Amid the Trump shenanigans of last week, the relevant speech by the FED Chairman J. Powell was perhaps not much noticed. He clarified some aspects of the new monetary framework (that so far didn´t trigger any new measures) and made a very strong appeal for more fiscal stimulus /1
“The expansion is still far from complete. At this early stage, I would argue that the risks of policy intervention are still asymmetric. Too little support would lead to a weak recovery..By contrast, the risks of overdoing it, seem..to be smaller”/2 federalreserve.gov/newsevents/spe…

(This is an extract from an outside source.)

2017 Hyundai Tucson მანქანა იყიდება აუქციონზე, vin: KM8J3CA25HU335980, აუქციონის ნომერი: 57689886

Basically, he implied that monetary policy is practically done:“ The Committee also left the target range for the federal funds rate unchanged . and it expects .. to maintain this target range.”. So, the additional effort has to be fiscal. The same approach applies to Europe. /3
Unfortunately, despite the deceleration of demand recovery, the crucial European Recovery Fund will start disbursements next second half and according to the ECB will disburse only 10% of the total in 2021, hopefully allowing national budgets to do more /4
Besides the recovery needs, negative news on euro area inflation justify stimulus policy. Headline level at -0.3 in September you (but following a -0.2 In August) and core inflation at only 0.2 (0.4 in Aug.). Oil prices and VAT German reduction help to explain this evolution /5
CBs cannot fine-tune inflation at a monthly or quarterly level (judging by the last 12 years, not even at a few years level). Inflation for long periods of time depends on several different variables, meaning that it´s not always just a domestic monetary phenomenon. 6/
Still, markets and even CBs seem to follow the Friedman mantra that they can control inflation at will. This idea is now outmoded. Sometimes, it doesn´t pay “pushing on a string.” Oil price, VAT changes, and supply-driven shocks cannot be overcome in the short run by Mon Pol 7/
On the other hand, interest rates in the credit and securities markets are already quite low. Deeper negative policy rates would add collateral damage to financial stability. 10Y bonds for Gr., Ita. are below 1%; Sp, 0.16,Port. 0.17 both up to 7Y with negative yields; DE -0.5 8/
What stimulus from bringing all those rates further down? The euro exchange rate, after1.2 vs the USD, stabilized around 1.17, its level at inception. The effective fx rate increased this year but mostly offsetting the undervaluation at Dec 19 (see IMF)9/ imf.org/~/media/Files/…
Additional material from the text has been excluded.